Dog World
- Frequency: Monthly
- First issue: January 1916
- Final issue: September 2012
- Company: BowTie Inc.
- Country: USA
- Based in: Chicago

= Dog World =

US magazine

Dog World was a monthly magazine aimed at the community of serious dog enthusiasts and participants, including breeders; conformation exhibitors; obedience, agility, herding, and field trial competitors; veterinarians; groomers; and trainers. The magazine is owned by BowTie, Inc. The first issue was published in January 1916, and the final issue was published in September 2012.

== Early history ==
The first issue of Dog World magazine was published in January 1916 by the Dog World Publishing Co. of Oak Park, Ill. It was one of the first dog magazines. The magazine was sold for 10 cents per copy or one dollar per year. The magazine's tagline was "A Monthly Journal Devoted to the Interests of the Dog, Dog Breeders and Dog Fanciers."

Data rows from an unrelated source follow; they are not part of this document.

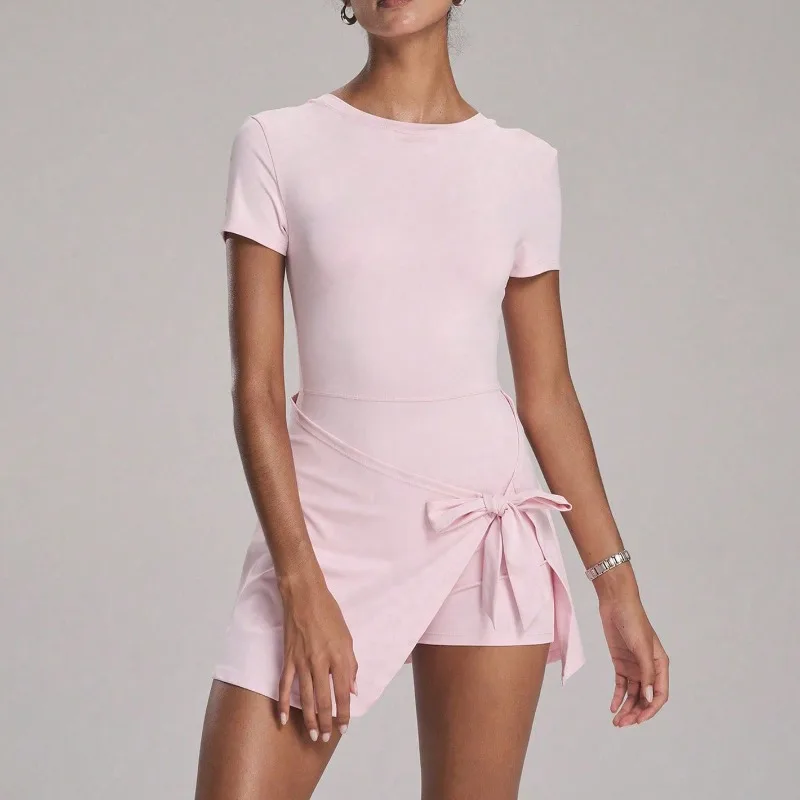 Neues Sportliches Kurzarm-Yoga-Tenniskleid Figurformendes Fitness-Rückenfreies Wickelkleid Damen Polyester Feuchtigkeitsableitend Gerader Saum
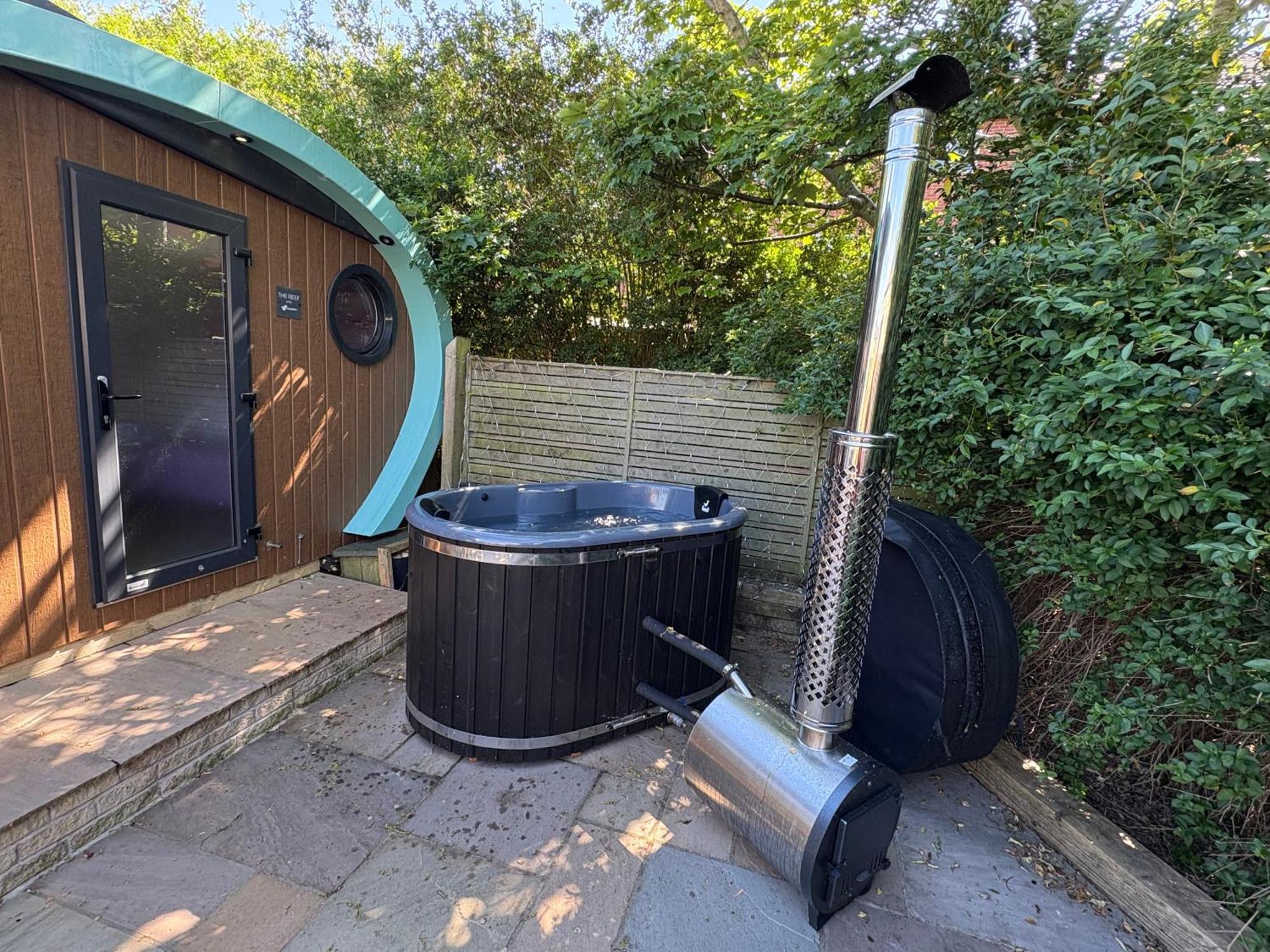 Elletson Park Wood Fired Hot Tubs, Caravans & Pods Pilling מראה חיצוני תמונה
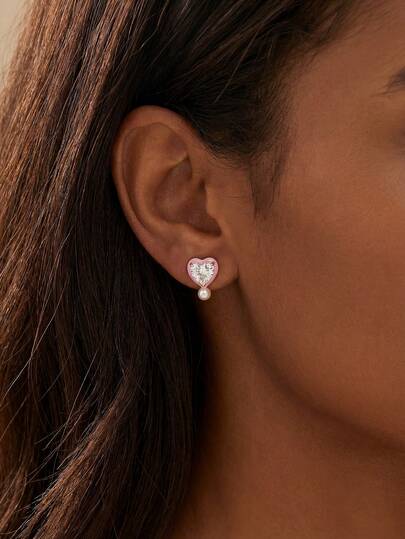 一对优雅心形耳环，925纯银创意耳环，精致珠宝礼品，适合女孩日常佩戴、约会、派对等场合。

The Judy-Berner Publishing Co. of Chicago, Ill. published Dog World magazine from January 1923 to Spring 1981 when it was sold to the Maclean-Hunter Publishing Corp. of Chicago, Ill. Maclean Hunter published Dog World until the mid-1990s, when the magazine was sold to Primedia (now Rent Group). Fancy Publications, of Irvine, California (and now named Lumina Media) purchased Dog World in late 2001 and took over publication of the magazine starting with the March 2002 issue.

From 1923 to 1948, the magazine's tagline was "A Monthly Journal for Breeders, Fanciers and Dog Lovers". In October 1948, the tagline changed to "All Breeds---All Dog News," and in May 1976, Dog World's tagline was "The World's Largest All Breed Dog Magazine." From the late-1990s until 2003, the magazine's tagline was "The Authority on Dog Care." In 2003, the tagline was changed to "Active Dogs, Active People."

==BowTie Inc.==
BowTie, Inc. publishes many other animal-focused magazines, such as Dog Fancy, Cat Fancy, Bird Talk, Horse Illustrated, Aquarium Fish International, and Dogs In Review, as well as several websites devoted to pets, including DogChannel.com. BowTie declared bankruptcy and all of the magazines went out of business.